Is this week over yet?

I've been absent, I know.

I'll be back next week when I don't have a yearbook due and a month's worth of grad work to catch up on.

Thursday, March 23, 2006

A Great School

On Wednesday I went to observe a school in Brooklyn set up by TFA. The school is in Sunset Park (oh so close to my apartment). The visit was really eye opening.

The reason that I chose to look at this school (versus the others on the "City wide school visit" list) was because it has a strong bilingual and ESL program. The school is located in a predominately Hispanic neighborhood and according to the principal, 60% of the kids are ELL (English Language Learner) though basically all of them are because they come from Spanish speaking households. It was so weird to see a school that has so much focus on ESL (they have pull-out, self contained, bilingual and dual language) coming from my school where ESL is only noticed when the principal gets an email telling me I have a meeting to attend or the AP sees that I have interim assessments to give my students.

One of the major things that I observed at the school was the supportive administration. The teacher who gave us a tour of the school (also a first year TFA corps member) could not stop gushing about how wonderful her principal and AP are. I met them both and they were very friendly and positive. The principal talked about getting the teachers together as a team to make the school successful.

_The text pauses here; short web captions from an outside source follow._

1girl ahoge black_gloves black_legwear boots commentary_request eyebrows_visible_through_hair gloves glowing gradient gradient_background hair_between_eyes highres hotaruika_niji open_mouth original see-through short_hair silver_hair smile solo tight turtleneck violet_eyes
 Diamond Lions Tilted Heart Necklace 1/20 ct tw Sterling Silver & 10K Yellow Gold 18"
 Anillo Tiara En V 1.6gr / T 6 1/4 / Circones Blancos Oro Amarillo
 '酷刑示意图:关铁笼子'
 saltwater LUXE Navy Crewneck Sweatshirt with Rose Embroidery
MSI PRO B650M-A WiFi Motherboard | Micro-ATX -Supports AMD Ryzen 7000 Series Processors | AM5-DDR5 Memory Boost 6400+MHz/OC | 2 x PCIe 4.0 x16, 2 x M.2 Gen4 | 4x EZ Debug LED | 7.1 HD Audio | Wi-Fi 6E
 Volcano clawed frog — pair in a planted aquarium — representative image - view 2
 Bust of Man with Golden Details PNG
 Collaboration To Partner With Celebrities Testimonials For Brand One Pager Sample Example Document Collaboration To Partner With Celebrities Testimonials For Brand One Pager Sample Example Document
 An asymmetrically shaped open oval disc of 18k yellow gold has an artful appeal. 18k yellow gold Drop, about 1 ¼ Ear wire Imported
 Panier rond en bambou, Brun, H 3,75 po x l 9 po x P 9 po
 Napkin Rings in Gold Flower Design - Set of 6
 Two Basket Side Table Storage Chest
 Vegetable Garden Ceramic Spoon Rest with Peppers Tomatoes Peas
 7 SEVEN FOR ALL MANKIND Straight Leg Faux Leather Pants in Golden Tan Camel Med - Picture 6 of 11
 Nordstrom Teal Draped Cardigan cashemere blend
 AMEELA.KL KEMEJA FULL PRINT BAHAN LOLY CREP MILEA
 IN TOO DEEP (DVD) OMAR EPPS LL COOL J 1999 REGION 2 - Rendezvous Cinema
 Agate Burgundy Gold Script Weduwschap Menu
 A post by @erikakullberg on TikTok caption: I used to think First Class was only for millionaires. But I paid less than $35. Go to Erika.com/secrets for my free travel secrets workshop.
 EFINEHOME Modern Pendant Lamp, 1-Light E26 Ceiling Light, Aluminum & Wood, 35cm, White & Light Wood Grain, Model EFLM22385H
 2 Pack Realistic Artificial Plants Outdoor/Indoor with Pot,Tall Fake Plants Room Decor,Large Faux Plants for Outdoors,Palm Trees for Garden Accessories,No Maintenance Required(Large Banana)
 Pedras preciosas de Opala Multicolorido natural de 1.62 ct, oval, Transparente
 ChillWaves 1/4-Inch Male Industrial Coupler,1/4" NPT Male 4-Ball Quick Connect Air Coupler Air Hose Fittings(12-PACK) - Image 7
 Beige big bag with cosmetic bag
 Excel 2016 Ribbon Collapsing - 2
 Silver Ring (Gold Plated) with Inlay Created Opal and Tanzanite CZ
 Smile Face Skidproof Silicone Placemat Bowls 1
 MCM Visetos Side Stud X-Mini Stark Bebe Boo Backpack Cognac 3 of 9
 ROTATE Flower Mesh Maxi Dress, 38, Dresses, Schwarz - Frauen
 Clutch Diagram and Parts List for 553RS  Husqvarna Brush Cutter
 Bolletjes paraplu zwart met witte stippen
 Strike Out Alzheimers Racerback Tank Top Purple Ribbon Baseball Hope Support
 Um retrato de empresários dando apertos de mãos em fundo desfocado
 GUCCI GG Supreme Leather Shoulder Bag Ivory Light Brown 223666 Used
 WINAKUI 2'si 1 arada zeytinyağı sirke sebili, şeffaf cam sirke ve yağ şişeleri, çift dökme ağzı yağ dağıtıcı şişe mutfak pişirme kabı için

I got to the school a bit before 8:30. I noticed that all of the kids were already in the classrooms working quietly (unheard of at my school). I was a bit confused as I thought I was early so I was wondering how they got in the building so quickly. As I found out, they actually arrived at 8:00 for the 37.5 minutes. It was amazing to see the school actually using the extra time to benefit the students. In every room they were actually working. Just peeking in the windows I saw guided reading, students working in groups at desks, manipulatives, etc. At my school everyone is so tired by the end of the day (not really an excuse, but . . .) that the after school time is just a time filler. If it takes 20 minutes to walk half the kids downstairs and the other half up, all the better. But this post is not about my school . . .

Seeing this school made me want to teach on a school like this that has a large ELL population (and of course a great administration). There are so many opportunities to have a self contained class. I really love ESL kids, too. I love the idea of speaking more than one language. I think it is so important and to be valued.

(Ideally next year I could get a position teaching a self contained lower elementary ESL class. That would be the best of both worlds. TFA is not all about switching schools before the two years though so I highly doubt that that is even a small possibility).

The other thing that I noticed (and this may be silly) is how QUIET the school was. Not only were there not any loud outbursts coming from classrooms, but there were NO kids in the halls. I don't think I even saw a kid go to the restroom with a pass. (This as compared to my school where it is common to see a pack of 4-5 boys sprinting back and forth through the halls). What I did see in the halls were a lot of small groups working with reading intervention teachers. Yes, ideally they should be working in rooms at tables but this was amazing because one, it was quiet enough for them to be able to do this and two, because they actually have quality work going on with kids being pulled out of class.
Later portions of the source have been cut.